If I had run --fix blindly on this very article — the one arguing against blind --fix — it would have destroyed itself:
- The Tier 1 table
數據 → 資料would become資料 → 資料(identical character on both sides; reader has no idea what's being demonstrated) - "好消息 is an idiom (news, not message)" would become "好訊息 is an idiom" — the explanation contradicts itself: I'm explaining why the idiom shouldn't change, while changing it
This lands the article's thesis cleanly: linter output always needs human review. Citation context is the most common legitimate false positive for vocabulary-rule linters. Surgical workflows beat batch --fix not just because of YAML frontmatter protection, but because lint rules operate at vocabulary level without semantic context understanding. A human pass at the end is non-negotiable.
One more rule to add to the workflow: don't just count hits, look at the surrounding lines for each hit. I changed my zhtw-mcp grep to grep -B 1 -A 1 — citation context becomes obvious immediately.
Related reading
- Part 5 — Claude Code self-audit
/slimskill - Part 6 — Claude Code burning tokens? 8 fixes
- LLM Deep Dive Part 2 — TurboQuant KV cache benchmark — one of the technical articles that got linted
- sysprog21/zhtw-mcp on GitHub
- FAccT 2025 paper on LLM zh-CN/zh-TW bias
FAQ
- What is zhtw-mcp and how is it different from OpenCC?
- [sysprog21/zhtw-mcp](https://github.com/sysprog21/zhtw-mcp) is a Rust-based Traditional Chinese (zh-TW) linter by jserv. It compiles 1,100+ vocabulary rules, MoE standard character forms, and cross-strait disambiguation tables into a single binary. OpenCC handles character-level Simplified→Traditional conversion; zhtw-mcp goes further with context-sensitive same-character-different-meaning rules, translationese detection, and full-width/half-width punctuation enforcement. One sentence: OpenCC converts characters, zhtw-mcp converts how Taiwan actually writes.
- Why can't you just run zhtw-mcp's --fix flag?
- Default --fix converts YAML frontmatter quote marks ("...") to corner brackets (「...」), which breaks YAML parsing and crashes article rendering. It also force-converts half-width punctuation that I deliberately keep for the ASCII-friendly mixed-language voice ai-muninn uses. The safe approach is a surgical Python wrapper that scopes substitutions to body text only, skipping frontmatter and code blocks.

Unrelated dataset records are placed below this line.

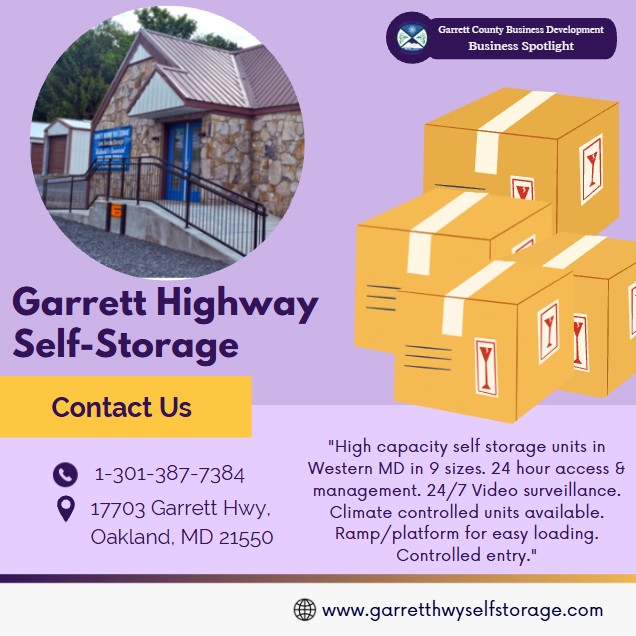 Today's Business Spotlight 📣 is on Garrett Highway Self-Storage!
Visit them at www.garretthwyselfstorage.com
Follow us to see more daily Garrett County Business Spotlights!
If you are interested in having your business featured contact Connor Norman at cnorman@garrettcountymd.gov. #businessdevelopment  #garrettcountymd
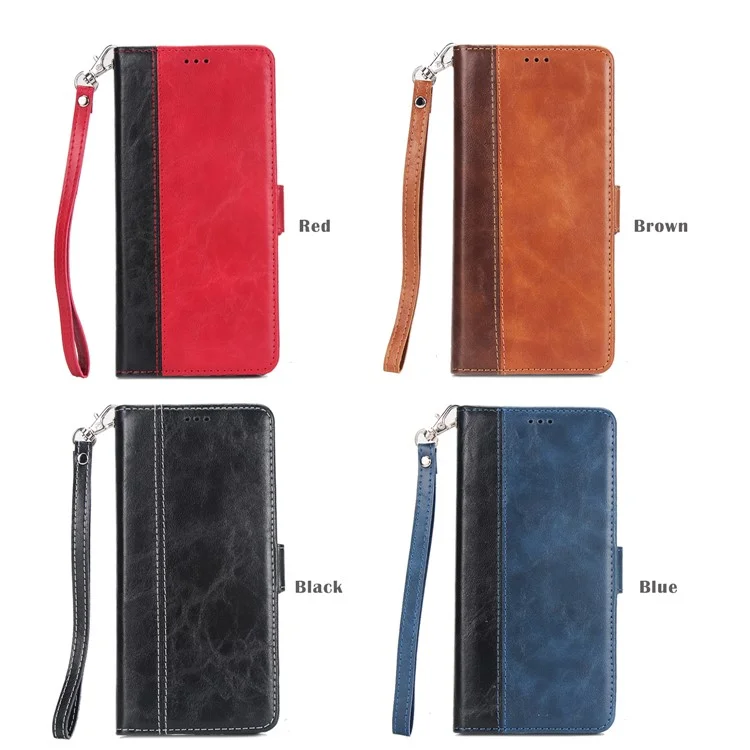 Retro Contrast Color Wallet Stand Leather Case for iPhone X - Black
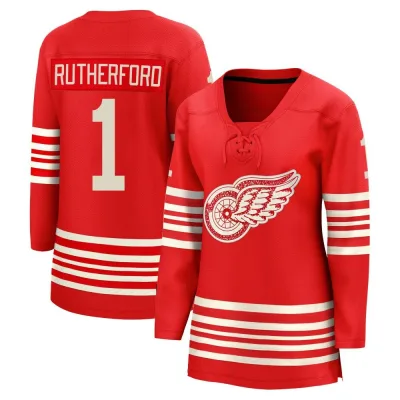 Women's Jim Rutherford Detroit Red Wings Centennial Jersey - Red Breakaway
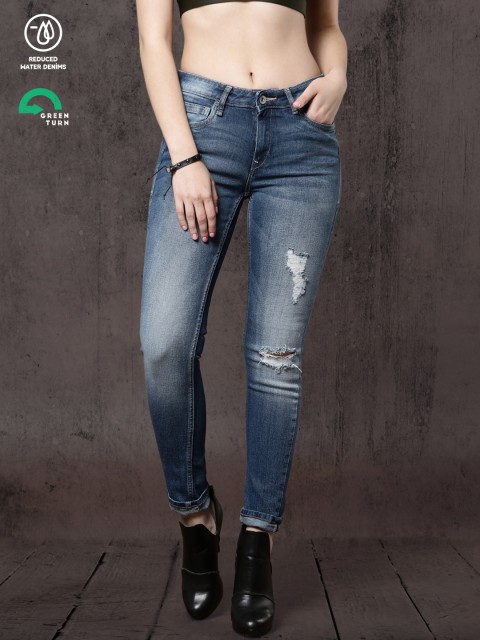 

Roadster GreenTurn Women Blue Skinny Mid-Rise Save Water Stretchable Jeans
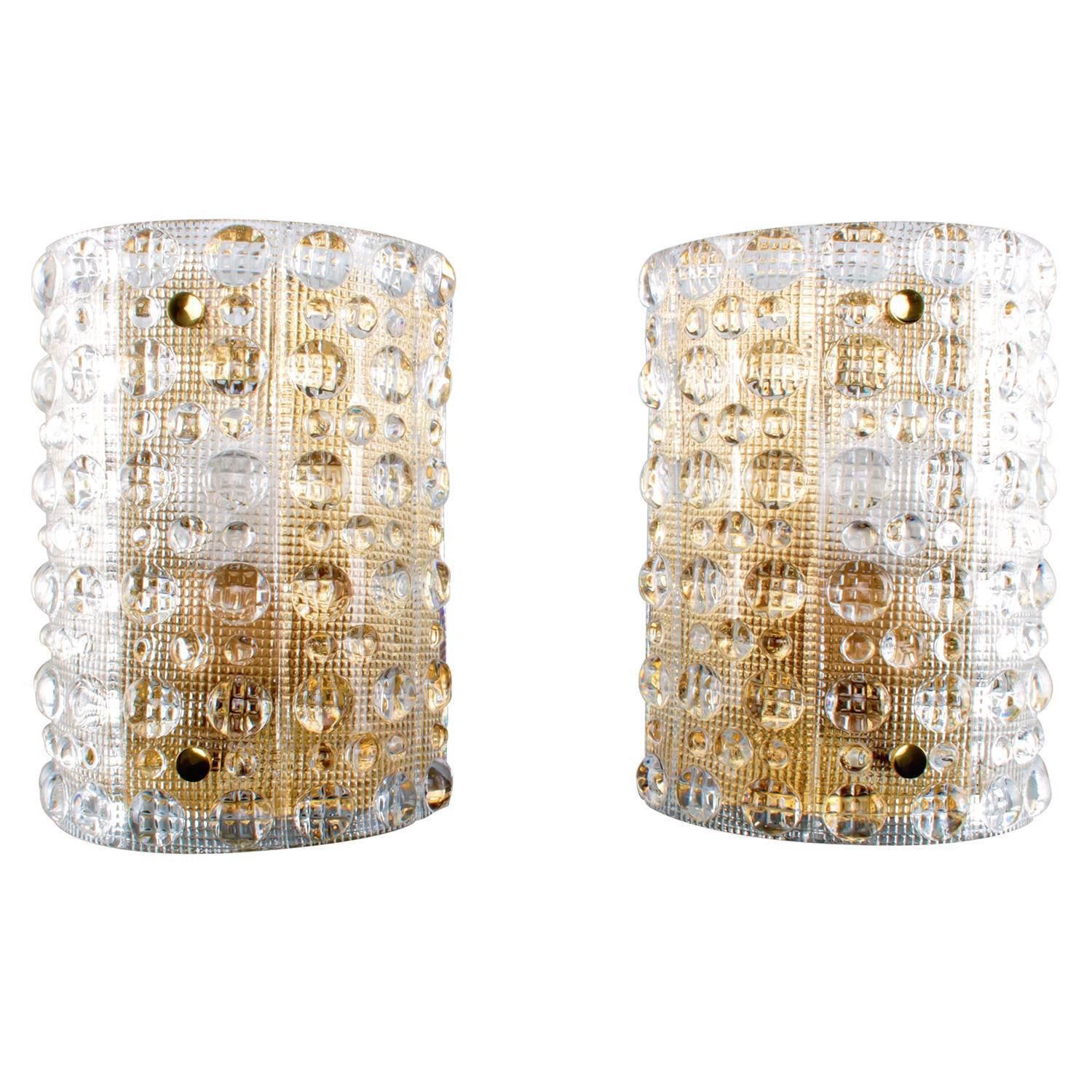 Scandinavian Modern Pair of Crystal Sconces, Wall Lamps, Carl Fagerlund, Orrefors, Rare Wall Lights For Sale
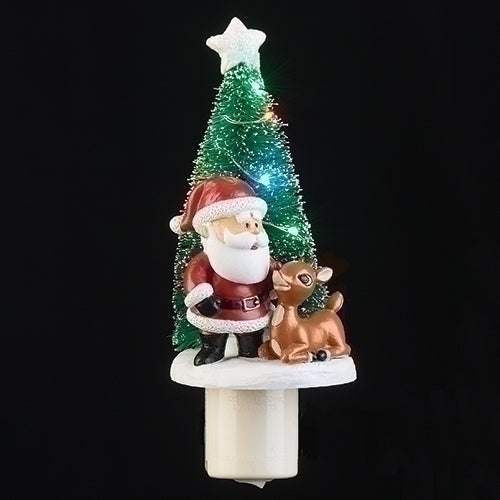 Rudolph With Santa and Christmas Tree Night Light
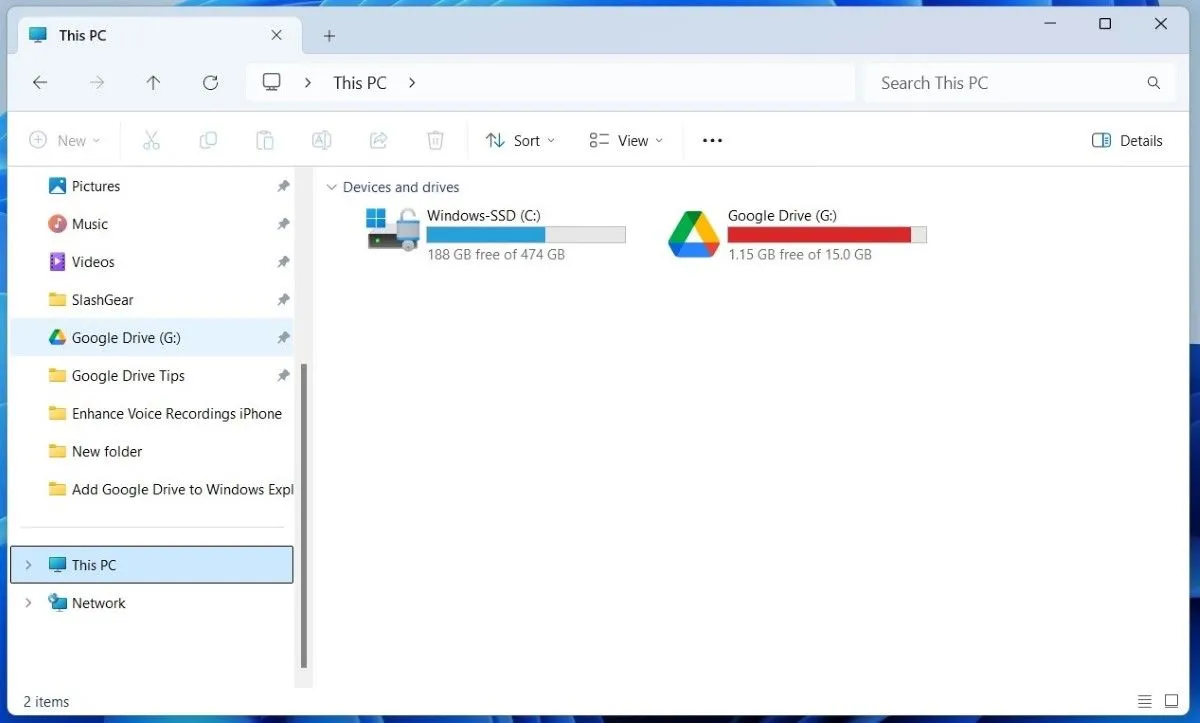Google Drive tích hợp trong File Explorer của Windows 11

- What were the highest-frequency Mainland terms in your writing?
- From my 72-article corpus the top three are 數據 (36 hits → should be 資料 for 'data'), 用戶 (9 hits → 使用者 for 'user'), and 連接 (7 hits → 連線 for 'connection'). All three are common technical terms, and I'd default to the Mainland form when translating from English without realizing — even though I knew the right Taiwan form. That's the blindspot.
- Did the same-character-different-meaning tier surprise you?
- Yes — but in the opposite direction. The most semantically dangerous tier (where the same characters mean opposite things across straits — 並行/平行 swap meanings for parallel/concurrent, 文件/檔案 swap for file/document) was actually the cleanest in my corpus. I wrote 並行 9 times correctly as 'concurrent', 文件 57 times correctly as 'document'. My blindspot wasn't there. It was on the high-frequency single-word translations where there's no semantic conflict to trigger self-doubt.